Because blasters operate outside of traditional mobile networks, the messages they send are not subject to the security measures that have been put in place by mobile providers. “None of our security controls apply to the messages that phones receive from them,” says Anton Reynaldo Bonifacio, the chief information security officer and chief AI officer at Philippines communications firm Globe Telecom. “Once phones are connected to these fake cell sites, they can spoof any sender ID or number to send the scam message.”
Back in 2022, Globe Telecom made the decision to stop delivering SMS messages that contain URLs, and Bonifacio says he believes scammers use the blasters to “bypass” these measures. “The technology used to be more niche, but I think sales and assembly of these IMSI catcher devices have become more prevalent for criminal organizations,” he says. Researchers have found SMS blasters being sold openly online for thousands of dollars.
Samantha Kight, the head of industry security at the mobile operator industry group the GSMA, says the Asia-Pacific region has been most impacted by SMS blasters so far, but there are cases appearing in Western Europe and South America. “It might be a problem in one or two regions, but then we tend to see these things pop up in different regions,” Kight says. Reporting from Commsrisk and Risky Business, have highlighted reports of SMS blasters being used in Thailand, Vietnam, Japan, New Zealand, Qatar, Indonesia, Oman, Brazil, Hong Kong, and more in recent months. Law enforcement officials in London say they have so far seized seven SMS blasters, and in June, a student from China was sentenced to jail for more than a year after being caught using one of the devices.

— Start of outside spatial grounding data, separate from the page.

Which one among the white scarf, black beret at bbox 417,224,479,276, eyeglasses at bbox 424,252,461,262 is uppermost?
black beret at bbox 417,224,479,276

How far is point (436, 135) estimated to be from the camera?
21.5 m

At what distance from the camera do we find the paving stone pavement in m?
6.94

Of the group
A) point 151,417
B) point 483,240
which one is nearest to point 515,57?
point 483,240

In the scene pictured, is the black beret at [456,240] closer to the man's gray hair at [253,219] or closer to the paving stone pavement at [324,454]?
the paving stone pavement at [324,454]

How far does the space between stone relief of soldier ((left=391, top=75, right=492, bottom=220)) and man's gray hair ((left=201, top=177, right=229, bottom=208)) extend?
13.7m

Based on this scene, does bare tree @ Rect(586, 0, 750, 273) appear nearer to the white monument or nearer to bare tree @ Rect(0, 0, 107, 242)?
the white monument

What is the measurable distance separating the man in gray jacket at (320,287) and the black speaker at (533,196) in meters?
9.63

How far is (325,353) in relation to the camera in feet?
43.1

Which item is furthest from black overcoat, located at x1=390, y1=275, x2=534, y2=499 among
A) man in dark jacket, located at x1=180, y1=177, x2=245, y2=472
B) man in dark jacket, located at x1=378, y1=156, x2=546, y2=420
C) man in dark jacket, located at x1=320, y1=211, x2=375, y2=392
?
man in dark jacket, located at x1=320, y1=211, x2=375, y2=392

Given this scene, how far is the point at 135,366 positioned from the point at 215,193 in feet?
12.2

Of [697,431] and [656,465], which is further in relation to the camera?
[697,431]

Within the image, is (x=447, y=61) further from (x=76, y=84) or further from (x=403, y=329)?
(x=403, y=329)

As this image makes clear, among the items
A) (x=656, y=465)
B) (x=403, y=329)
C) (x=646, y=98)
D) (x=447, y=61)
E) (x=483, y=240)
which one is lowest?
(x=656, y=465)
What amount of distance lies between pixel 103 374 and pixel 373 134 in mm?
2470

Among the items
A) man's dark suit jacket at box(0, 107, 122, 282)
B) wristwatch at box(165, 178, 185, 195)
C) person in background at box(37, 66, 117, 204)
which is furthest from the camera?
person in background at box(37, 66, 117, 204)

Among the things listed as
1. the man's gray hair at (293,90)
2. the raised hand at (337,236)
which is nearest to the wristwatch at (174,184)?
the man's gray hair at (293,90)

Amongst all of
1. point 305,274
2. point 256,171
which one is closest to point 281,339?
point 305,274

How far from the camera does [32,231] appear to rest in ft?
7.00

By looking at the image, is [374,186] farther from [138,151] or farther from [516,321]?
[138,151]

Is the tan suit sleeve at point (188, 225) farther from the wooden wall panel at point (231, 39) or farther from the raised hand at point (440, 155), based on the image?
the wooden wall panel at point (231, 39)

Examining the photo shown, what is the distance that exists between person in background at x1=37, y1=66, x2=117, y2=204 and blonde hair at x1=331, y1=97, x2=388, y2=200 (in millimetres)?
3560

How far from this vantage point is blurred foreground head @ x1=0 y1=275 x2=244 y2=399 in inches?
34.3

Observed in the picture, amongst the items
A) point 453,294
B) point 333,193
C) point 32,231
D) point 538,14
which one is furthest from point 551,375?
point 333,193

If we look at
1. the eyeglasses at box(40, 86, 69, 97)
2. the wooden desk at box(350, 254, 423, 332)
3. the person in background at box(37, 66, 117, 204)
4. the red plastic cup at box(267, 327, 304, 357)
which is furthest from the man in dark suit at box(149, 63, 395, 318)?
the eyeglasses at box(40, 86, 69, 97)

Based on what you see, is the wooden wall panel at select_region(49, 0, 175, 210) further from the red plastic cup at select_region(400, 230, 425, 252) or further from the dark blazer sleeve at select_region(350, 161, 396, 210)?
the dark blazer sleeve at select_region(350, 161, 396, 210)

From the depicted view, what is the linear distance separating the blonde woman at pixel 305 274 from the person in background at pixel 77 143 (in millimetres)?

Kight says that tackling SMS blasters involves telecom operators and government regulators being aware of the devices, law enforcement agencies taking actions, as well as people recognizing and reporting scam messages to the relevant authorities. “As the mobile industry, we want to be able to find these, we want people to trust what’s on their device, and we want to be able to protect them,” Kight says.

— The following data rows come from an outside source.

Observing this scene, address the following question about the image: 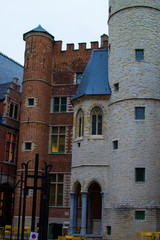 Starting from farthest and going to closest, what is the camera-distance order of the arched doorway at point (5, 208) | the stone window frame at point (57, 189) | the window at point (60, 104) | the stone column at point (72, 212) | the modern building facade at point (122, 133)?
the window at point (60, 104) < the arched doorway at point (5, 208) < the stone window frame at point (57, 189) < the stone column at point (72, 212) < the modern building facade at point (122, 133)

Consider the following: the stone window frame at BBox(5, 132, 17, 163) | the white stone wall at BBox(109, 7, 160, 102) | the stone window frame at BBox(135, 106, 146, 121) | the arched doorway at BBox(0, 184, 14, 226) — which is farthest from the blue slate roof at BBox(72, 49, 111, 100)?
the arched doorway at BBox(0, 184, 14, 226)

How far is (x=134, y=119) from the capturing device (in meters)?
21.8

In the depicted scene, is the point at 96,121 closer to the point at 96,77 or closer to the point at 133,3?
the point at 96,77

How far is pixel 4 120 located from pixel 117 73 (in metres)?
9.84

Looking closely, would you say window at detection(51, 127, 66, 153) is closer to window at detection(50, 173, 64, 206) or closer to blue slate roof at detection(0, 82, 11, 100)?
window at detection(50, 173, 64, 206)

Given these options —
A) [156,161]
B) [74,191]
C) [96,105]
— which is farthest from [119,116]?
[74,191]

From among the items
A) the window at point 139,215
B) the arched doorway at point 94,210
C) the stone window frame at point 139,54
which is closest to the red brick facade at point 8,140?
the arched doorway at point 94,210

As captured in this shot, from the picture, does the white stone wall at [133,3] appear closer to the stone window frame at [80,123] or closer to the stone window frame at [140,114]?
the stone window frame at [140,114]

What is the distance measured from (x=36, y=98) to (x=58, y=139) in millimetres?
3541

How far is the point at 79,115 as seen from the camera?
24.7 meters

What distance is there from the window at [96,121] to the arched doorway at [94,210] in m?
3.35

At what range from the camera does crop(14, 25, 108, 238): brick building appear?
26141mm

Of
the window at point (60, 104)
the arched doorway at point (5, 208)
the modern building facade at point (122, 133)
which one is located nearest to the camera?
the modern building facade at point (122, 133)

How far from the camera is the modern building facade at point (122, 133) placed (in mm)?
20578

Yomna Nasser, a software engineer at Android, says people can stop their phones connecting to 2G networks in their settings. “Once enabled, your device will no longer scan for or connect to 2G cell towers,” Nasser says, adding the only exception is if an emergency call is being made and 3G, 4G and 5G are not available. Android’s Advanced Protection mode will also disable 2G automatically on some newer phones. Apple did not answer WIRED’s request for comment by the time of publication, although its Lockdown Mode will disable 2G connections.
Ultimately, you may not know if an SMS blaster is used to send you a scam. Ben Hurley, a detective sergeant with the City of London’s Dedicated Card and Payment Crime Unit, which is investigating cases locally, says that while the delivery is different, the actual scams themselves haven’t changed. Phishing messages are often designed to get you to click on a malicious link and hand over your personal information. “It’s a new way of doing the same thing,” Hurley says. “It’s changed how we have to investigate it, but actually it’s not changed the end result,” he says, adding that people should always be cautious of clicking links in unknown messages and take a moment before acting if the message feels suspicious.
As with all cybercrime, though, there is a chance that those operating the schemes and blasters could evolve their tactics. “The actual SMS blaster devices they use are relatively unsophisticated so far,” Mc Daid says, adding that the type of technology originally came from the world of governments, law enforcement, and militaries. If criminals are able to gain access to more sophisticated technology and expertise, he says, “this could be the beginning of a cat and mouse game.”